Tableau server also allows users to administer some tasks through its built-in tabcmd command-line utility e.g. creating and deleting users, exporting views or workbooks, publishing data sources etc. It’s a handy tool which can simplify administrative efforts and in this specific example we will be using it for creating report exports in an automated fashion.

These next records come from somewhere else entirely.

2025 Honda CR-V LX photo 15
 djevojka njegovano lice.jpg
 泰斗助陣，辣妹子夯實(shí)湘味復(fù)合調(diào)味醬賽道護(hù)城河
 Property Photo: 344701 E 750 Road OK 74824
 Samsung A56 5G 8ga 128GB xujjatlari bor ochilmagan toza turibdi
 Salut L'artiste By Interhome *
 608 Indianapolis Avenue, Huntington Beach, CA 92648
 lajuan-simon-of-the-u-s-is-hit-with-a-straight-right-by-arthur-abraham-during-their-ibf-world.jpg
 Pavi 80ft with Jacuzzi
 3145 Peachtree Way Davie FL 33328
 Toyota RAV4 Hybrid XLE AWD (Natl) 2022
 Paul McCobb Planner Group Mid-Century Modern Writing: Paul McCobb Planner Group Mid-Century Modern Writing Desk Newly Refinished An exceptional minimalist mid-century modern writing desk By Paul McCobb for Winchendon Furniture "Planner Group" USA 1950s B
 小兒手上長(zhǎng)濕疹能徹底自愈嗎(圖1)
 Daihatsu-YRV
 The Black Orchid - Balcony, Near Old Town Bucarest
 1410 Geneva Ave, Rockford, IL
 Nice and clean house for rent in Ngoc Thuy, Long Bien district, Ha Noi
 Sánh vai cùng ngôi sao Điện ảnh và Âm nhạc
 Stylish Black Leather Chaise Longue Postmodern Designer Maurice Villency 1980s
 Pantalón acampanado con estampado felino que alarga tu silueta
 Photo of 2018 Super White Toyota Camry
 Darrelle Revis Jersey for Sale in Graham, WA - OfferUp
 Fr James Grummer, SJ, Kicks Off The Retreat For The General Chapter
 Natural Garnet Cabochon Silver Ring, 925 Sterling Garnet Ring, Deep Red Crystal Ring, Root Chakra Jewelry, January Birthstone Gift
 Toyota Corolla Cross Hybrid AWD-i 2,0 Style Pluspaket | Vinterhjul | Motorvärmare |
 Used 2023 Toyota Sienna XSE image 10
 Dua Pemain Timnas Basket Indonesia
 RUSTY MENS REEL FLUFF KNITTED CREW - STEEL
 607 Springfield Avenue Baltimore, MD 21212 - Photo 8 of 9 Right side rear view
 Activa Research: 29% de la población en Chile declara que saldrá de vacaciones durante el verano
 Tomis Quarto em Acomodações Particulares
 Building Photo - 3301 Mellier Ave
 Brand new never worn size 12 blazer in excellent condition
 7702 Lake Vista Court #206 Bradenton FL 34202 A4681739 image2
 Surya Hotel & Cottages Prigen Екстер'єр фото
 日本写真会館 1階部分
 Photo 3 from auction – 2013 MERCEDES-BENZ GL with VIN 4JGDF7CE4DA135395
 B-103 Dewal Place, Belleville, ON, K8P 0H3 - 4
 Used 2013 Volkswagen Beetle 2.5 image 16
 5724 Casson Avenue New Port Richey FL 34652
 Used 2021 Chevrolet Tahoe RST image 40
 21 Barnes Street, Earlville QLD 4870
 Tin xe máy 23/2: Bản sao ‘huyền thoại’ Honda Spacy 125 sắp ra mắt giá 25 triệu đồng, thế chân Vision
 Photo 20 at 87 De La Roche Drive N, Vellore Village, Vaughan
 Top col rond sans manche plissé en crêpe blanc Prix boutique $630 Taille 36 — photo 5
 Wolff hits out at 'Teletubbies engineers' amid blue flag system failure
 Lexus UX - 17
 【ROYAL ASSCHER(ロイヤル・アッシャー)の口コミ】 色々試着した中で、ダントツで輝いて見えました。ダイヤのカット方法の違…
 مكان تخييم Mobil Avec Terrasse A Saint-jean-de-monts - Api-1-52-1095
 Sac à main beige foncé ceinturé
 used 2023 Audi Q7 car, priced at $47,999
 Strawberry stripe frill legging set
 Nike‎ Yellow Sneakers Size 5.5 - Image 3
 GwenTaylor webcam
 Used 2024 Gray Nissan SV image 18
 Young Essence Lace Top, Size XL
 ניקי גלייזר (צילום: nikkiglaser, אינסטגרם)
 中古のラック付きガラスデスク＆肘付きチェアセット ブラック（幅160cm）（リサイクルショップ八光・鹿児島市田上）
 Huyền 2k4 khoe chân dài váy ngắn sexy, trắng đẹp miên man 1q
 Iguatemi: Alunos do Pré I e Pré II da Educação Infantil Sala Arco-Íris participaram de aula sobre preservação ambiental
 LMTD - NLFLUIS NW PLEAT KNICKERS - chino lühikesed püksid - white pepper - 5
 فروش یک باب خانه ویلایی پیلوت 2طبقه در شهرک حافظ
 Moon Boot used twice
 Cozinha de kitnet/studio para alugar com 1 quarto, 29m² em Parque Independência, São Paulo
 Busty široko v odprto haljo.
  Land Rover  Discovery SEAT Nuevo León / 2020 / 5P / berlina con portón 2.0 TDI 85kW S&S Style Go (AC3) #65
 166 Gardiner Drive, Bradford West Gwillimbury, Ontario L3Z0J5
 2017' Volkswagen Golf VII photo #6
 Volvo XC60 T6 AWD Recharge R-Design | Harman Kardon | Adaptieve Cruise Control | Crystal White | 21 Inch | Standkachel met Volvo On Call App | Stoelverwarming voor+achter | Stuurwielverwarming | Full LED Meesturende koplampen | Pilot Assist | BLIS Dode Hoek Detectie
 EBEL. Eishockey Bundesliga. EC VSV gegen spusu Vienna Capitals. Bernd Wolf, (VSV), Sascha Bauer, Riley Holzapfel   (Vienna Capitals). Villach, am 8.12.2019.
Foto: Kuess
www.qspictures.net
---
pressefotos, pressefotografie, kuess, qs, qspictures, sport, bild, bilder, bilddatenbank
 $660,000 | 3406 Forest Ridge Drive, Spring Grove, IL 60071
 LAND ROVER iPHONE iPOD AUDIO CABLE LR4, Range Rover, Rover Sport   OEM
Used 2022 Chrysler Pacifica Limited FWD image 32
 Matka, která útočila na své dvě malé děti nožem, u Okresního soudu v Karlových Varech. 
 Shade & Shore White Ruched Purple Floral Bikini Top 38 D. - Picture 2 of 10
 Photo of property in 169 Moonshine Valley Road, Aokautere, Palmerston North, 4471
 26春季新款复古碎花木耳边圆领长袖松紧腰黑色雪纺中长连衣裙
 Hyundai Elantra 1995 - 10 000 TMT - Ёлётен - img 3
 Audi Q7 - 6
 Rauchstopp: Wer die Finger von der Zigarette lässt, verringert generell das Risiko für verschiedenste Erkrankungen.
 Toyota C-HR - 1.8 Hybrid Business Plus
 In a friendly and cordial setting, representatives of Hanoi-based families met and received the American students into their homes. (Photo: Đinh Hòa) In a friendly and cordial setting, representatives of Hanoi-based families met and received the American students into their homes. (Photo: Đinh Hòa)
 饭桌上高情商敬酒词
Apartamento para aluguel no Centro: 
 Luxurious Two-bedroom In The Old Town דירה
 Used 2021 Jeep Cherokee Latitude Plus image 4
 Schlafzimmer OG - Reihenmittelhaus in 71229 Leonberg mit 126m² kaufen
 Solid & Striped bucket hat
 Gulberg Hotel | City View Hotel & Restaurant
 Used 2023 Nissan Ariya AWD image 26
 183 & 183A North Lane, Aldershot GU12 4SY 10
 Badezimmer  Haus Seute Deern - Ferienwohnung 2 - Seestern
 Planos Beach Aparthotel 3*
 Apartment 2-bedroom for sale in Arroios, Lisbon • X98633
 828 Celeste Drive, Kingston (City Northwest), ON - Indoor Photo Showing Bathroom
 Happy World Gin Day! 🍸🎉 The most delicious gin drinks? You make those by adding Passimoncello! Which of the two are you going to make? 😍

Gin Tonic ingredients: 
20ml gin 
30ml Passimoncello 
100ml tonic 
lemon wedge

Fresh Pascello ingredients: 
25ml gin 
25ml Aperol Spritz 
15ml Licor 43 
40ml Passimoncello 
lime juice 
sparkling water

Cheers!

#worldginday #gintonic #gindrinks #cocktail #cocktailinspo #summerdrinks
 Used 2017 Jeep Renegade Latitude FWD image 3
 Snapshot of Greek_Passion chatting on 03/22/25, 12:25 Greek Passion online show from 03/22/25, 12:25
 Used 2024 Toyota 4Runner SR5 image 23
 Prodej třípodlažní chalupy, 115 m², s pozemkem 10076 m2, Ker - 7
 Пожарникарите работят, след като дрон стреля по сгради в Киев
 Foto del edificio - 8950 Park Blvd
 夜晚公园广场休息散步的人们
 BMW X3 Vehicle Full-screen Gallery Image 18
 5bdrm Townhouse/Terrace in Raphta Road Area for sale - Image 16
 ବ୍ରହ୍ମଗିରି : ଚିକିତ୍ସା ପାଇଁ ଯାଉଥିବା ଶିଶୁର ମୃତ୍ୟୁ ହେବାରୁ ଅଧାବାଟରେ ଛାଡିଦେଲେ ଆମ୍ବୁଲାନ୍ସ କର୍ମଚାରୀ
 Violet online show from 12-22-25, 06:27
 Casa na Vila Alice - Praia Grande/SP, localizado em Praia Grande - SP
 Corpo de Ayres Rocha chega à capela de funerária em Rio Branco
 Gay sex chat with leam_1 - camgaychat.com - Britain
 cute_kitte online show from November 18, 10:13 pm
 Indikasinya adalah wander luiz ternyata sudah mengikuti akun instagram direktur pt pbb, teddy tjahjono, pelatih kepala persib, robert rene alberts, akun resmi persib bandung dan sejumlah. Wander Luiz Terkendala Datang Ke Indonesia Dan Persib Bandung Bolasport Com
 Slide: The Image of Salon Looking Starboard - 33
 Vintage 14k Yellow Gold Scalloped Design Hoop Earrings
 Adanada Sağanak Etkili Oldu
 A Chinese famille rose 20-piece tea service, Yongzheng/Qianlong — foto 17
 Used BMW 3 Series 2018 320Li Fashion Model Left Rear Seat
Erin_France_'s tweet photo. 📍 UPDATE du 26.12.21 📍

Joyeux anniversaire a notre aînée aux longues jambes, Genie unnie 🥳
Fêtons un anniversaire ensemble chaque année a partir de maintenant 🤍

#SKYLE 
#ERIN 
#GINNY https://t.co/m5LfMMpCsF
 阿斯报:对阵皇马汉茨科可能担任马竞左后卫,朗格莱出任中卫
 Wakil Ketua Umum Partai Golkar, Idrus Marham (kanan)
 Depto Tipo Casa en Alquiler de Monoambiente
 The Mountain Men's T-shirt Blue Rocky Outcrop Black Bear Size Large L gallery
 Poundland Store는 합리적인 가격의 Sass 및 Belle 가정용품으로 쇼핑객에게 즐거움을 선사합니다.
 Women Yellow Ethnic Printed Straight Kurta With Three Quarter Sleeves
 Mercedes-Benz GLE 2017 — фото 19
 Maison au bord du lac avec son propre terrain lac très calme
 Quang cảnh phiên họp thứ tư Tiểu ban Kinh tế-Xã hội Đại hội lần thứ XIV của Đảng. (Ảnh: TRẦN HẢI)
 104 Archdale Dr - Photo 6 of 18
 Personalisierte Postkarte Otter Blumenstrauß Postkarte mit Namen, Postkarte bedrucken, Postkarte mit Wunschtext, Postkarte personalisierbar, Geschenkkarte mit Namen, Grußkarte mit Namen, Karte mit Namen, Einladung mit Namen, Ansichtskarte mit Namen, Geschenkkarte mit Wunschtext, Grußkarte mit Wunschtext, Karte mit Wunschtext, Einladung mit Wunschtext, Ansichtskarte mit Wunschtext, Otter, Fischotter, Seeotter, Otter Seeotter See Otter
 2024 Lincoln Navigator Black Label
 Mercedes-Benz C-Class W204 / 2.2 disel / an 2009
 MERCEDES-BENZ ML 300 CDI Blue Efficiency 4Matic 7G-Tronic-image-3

In order to demo this solution on a typical business-like data, let’s create a sample data set and a very rudimentary Tableau report. The following SQL builds a single table database running on a local Microsoft SQL Server platform and populates it with dummy sales data.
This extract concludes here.